We propose that the content of notices should be confined to a narrow subset of XHTML sufficient to convey a simple message to users. It should not, for example, include script elements (for security reasons).
Notices may be embedded in HTML and XHTML in the
<head> element. For example, XHTML annotations to a CSS file might have the form:
<html> <head> <notice> The CSS program used in rendering this page is Copyright © 2008 by ACME Corp. </notice> </head> <body/> </html>
If the display of a page depends upon a linked resource, such as a CSS, script, or font file and that resource is represented using the proposed
multipart/annotated MIME type and the annotations in the resource may consist of an XHTML document, then notices found in that document are semantically understood to apply to the resource itself and should be displayed among the notices for the page. Thus, if a wrapped CSS file contained the HTML above, then pages that link to that CSS file should present the copyright notice to users.

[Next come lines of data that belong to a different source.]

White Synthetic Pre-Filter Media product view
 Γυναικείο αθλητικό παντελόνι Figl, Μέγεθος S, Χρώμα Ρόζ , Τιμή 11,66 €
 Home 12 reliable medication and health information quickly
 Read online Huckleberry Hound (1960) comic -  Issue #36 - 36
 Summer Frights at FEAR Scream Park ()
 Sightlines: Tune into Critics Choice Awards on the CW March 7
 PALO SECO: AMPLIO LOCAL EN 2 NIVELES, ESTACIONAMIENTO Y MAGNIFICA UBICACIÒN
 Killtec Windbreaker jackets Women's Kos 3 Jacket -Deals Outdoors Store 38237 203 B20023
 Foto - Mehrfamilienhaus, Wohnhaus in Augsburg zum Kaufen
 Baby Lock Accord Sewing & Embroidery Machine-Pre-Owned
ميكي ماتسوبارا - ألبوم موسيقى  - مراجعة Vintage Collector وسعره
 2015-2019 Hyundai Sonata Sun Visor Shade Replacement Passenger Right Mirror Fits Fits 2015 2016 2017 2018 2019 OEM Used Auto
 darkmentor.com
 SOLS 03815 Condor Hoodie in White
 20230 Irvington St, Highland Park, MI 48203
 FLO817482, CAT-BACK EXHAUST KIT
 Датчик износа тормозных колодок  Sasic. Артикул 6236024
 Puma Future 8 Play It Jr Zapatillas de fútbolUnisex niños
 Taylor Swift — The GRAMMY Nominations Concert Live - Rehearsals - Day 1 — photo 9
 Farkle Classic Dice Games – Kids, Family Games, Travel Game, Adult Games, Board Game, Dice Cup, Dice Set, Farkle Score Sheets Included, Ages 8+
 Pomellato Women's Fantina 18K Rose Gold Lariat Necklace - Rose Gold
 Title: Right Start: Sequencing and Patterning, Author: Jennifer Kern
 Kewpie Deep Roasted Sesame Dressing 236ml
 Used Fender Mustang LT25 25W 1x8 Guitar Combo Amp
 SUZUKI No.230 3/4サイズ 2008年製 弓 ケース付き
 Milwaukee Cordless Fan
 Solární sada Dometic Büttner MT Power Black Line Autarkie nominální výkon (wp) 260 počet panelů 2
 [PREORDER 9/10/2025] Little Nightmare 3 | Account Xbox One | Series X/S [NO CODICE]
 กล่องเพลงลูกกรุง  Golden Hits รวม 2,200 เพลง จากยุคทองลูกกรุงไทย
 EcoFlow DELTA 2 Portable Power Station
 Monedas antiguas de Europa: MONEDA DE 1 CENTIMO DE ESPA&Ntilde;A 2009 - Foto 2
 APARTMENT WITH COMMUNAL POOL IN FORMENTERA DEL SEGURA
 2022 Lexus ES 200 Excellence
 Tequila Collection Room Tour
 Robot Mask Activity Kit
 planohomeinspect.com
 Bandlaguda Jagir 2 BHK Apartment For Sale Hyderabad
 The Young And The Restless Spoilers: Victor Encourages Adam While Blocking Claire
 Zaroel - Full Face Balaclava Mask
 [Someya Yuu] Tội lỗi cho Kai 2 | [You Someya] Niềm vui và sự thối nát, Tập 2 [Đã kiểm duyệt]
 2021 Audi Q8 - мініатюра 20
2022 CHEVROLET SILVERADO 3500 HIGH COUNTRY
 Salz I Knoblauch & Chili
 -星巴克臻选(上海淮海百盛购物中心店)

A notice can be implicitly acknowledged at the point of linking to the resource which contains it. A notice is so acknowledged by including a copy of the notice, as in the example:
<html> <head> <link rel="StyleSheet" href="http://example.com/css/exmpl.css" type="multipart/annotated;wrapped=text/css"> <acknowledge> The CSS program used in rendering this page is Copyright © 2008 by ACME Corp. </acknowledge> </link> </head> <body> ... </body> </html>
If a notice whose contents are identical to the acknowledgment is found bundled with the annotated CSS file, the notice in the CSS file is considered to be acknowledged.
In the examples above, with the matching
<acknowledge> element present within the linking element the copyright notice is acknowledged and therefore user agents should not actively draw the user's attention to the notice, even while making it available for display. If the acknowledgement were missing then, the user agent should call the user's attention to the notice.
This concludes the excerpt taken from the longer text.